By Menachem Baron, COLlive reporter
The cultural conflict between the ultra religious and the general public in Israel is affecting Lubavitch, even as shluchim, chassidim and bochurim work to reach out and bridge the gap.
A group of bochurim from the Tomchei Tmimim Chabad Yeshiva in Elad were refused entrance to a city bus this past Friday after they were wrongly associated with the haredi extremists from Beit Shemesh.
The bus driver of line number 79 did not allow them to enter, saying he “does not want problematic passengers on the bus.”
According to one of the bochurim, the driver allowed people behind them to board, while telling them he feared them because they were “a group.”
They were only a few bochurim, COLlive was told.
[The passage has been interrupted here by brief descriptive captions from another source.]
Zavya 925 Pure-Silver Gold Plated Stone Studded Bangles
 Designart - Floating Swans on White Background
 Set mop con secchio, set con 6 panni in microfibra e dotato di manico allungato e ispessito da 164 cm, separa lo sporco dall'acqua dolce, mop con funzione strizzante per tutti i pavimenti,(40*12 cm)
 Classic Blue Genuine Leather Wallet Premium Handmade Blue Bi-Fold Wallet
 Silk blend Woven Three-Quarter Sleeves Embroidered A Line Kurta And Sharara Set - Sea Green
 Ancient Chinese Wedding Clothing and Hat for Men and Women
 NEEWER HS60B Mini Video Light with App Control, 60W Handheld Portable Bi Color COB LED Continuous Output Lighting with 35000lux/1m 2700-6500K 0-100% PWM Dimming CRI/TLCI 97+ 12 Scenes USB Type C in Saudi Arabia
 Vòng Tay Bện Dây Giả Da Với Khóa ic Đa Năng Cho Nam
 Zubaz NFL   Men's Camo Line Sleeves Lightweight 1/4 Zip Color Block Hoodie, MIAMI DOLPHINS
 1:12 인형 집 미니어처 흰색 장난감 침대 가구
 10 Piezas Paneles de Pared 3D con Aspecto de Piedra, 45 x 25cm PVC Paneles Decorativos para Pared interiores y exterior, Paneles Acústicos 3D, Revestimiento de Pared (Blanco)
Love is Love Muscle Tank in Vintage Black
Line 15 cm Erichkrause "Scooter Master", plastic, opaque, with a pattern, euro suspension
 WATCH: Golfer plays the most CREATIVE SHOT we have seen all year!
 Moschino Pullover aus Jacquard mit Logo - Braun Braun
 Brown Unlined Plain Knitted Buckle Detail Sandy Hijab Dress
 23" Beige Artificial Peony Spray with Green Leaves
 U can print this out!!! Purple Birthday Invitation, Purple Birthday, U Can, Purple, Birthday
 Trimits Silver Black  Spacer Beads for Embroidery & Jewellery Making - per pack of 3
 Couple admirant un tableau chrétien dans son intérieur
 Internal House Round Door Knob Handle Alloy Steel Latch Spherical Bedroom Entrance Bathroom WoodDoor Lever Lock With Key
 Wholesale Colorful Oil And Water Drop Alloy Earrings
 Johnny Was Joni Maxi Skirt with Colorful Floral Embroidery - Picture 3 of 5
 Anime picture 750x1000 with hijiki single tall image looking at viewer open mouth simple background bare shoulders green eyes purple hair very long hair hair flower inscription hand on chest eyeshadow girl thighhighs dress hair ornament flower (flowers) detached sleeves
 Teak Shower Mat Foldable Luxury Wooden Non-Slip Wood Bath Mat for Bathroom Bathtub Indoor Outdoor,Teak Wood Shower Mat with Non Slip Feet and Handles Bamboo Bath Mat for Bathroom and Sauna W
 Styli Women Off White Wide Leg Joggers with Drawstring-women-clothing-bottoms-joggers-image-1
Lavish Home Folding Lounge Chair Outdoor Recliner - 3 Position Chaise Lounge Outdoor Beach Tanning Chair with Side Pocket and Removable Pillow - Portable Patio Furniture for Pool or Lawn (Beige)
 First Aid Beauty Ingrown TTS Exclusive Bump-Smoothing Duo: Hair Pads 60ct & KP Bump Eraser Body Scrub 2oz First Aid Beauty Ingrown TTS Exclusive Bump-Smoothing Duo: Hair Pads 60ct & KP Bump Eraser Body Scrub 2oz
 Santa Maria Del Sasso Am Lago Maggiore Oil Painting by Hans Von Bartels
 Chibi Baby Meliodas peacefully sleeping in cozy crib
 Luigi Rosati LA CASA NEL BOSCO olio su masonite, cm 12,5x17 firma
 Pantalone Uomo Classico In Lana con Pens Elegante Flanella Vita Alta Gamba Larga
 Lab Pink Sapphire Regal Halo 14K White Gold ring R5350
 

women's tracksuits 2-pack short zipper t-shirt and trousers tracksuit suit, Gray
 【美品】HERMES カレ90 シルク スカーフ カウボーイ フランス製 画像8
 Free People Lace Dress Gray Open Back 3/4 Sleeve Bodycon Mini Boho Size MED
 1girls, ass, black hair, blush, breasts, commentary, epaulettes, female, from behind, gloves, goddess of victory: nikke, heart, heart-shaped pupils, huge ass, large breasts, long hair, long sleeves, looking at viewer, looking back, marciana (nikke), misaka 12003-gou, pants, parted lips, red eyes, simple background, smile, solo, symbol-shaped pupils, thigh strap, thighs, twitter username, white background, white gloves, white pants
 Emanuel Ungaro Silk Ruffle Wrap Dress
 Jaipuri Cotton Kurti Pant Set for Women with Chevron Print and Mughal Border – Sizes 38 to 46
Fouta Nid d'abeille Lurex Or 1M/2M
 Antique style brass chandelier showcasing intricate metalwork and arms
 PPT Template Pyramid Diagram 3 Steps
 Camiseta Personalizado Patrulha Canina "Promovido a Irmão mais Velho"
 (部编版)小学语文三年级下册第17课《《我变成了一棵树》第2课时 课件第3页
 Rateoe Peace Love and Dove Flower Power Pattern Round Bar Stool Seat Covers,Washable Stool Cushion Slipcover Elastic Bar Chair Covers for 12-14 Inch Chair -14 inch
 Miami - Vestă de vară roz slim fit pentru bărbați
The 14 and 15 year olds, students in shiur Aleph in Yeshiva Ketana (mesivta), were traveling to the city of Petach Tikvah to do Mivtzoim and offer Tefillin and Shabbos candles to fellow Jews, and were left without a way back.
“The next bus came an hour later, but it didn’t stop at the station,” one of them said. With Shabbos nearing, they took a taxi cab back, arriving 30 minutes before candle lighting time.
A manager for the bus company Egged Taavura (not to be confused with the larger Egged) told one of the bochurim that the driver made a bad judgment call.
Relations between the general public and the haredi community in Israel have been troubled recently with extremists wanting to impose halacha on others and the media hyping up every small incident.